| What the task asks |
Would you print only the lines running from the one with "Non si ferma" to the final line of the data below, word for word and without pictures?

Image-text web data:
━━━━━━━━━━━━━━━━

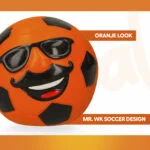 Giocattolo per cani in lattice con squeaker, arancione L – Holland Mr. Dutch - immagine 3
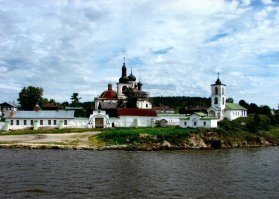 Глюкнуло, перевыложил фото.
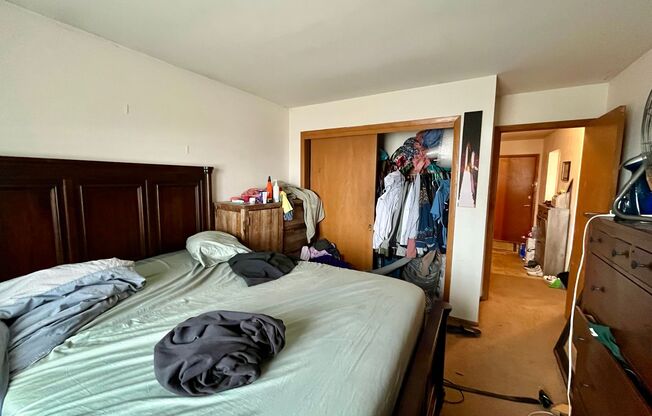 1 bed, 1 bath, $1,015, Unit 27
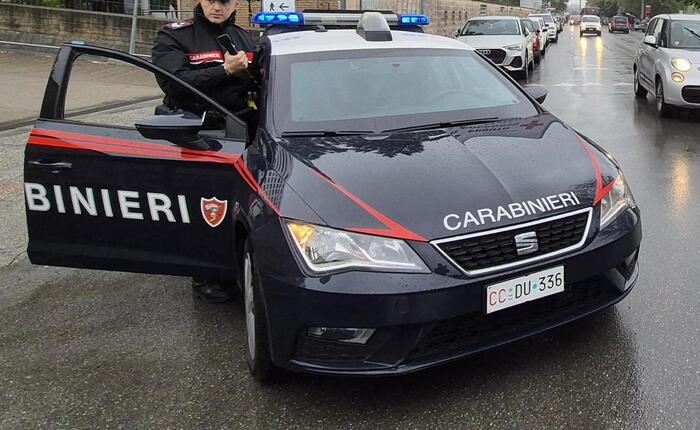 Non si ferma all'alt e aggredisce carabinieri, arrestato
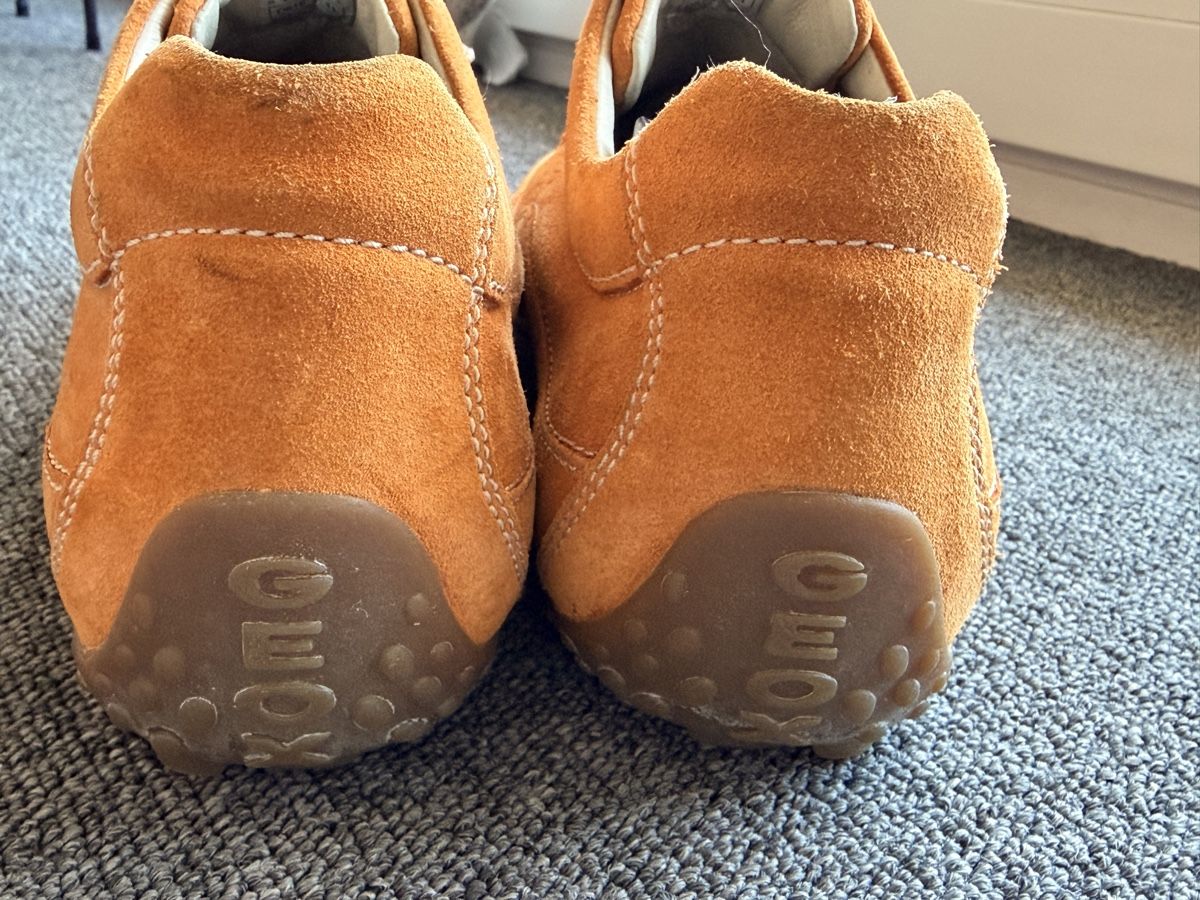 Geox Scarpe da uomo: Geox chaussures unisexe taille 41 orange – Usato da Bulle venduto da LeMoleson 2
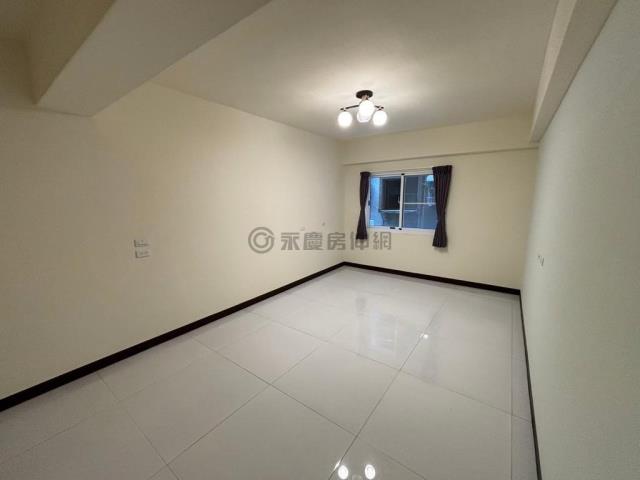 高雄新興區大樓-5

━━━━━━━━━━━━━━━━

| Your response |
 Non si ferma all'alt e aggredisce carabinieri, arrestato
 Geox Scarpe da uomo: Geox chaussures unisexe taille 41 orange – Usato da Bulle venduto da LeMoleson 2
 高雄新興區大樓-5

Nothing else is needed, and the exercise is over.